14th December

54 He has helped his servant Israel,
remembering to be merciful
55 to Abraham and his descendants for ever,
just as he promised our ancestors.’

56 Mary stayed with Elizabeth for about three months and then returned home. (Luke 1:54-56)

As Mary concludes her song, she continues to dwell on God’s past character, which continues into the present. She recalls God’s help for Israel. The verb used (antilambano) is relatively rare in the New Testament, but it signals that God is involved and not detached. He has helped Israel in the past, saving them from all manners of affliction; and, here in Luke 1, he provides for all in sending Christ. Interestingly, in Romans 8:26, Paul uses a related verb (sunantilambanomai) to talk about how the Spirit helps believers in weakness. God has always been a God who helps and is not remote, like so many of the pagan deities that people worshipped at the time.

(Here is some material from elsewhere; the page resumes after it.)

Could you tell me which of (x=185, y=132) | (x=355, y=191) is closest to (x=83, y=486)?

We continue to need God’s help in the same way Israel did. Just as Israel frequently rebelled against God, sometimes in obvious ways, sometimes more subtle, we continue to rebel against Him, thinking we are in control and that it is all about us. God helps us by remembering mercy. This notion appears elsewhere in Scripture – for instance, with the prophet Habbakuk. When Habbakuk realises God’s plan behind the events of the time (Israel being captured by the Babylonians, which will cause the Israelites to turn back to God in repentance), he asks and believes that in the time of wrath, God will remember mercy (Habakkuk 3:2).

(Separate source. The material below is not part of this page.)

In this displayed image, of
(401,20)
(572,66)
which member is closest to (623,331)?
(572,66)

This is precisely what God has done throughout history: shown mercy. More literally (and properly, I believe) v.55 is translated: “(remembering mercy), just as he spoke to our forefathers, to Abraham, and to his seed forever”. This includes us here today; we are all related to Abraham (cf. Romans 4:16). Our role is to join in God’s work: helping to usher in the kingdom, and reminding those around us of God – his love and mercy. This is the conclusion to a fabulous song – a beautiful window into the three months that Elizabeth and Mary spent together (v.56).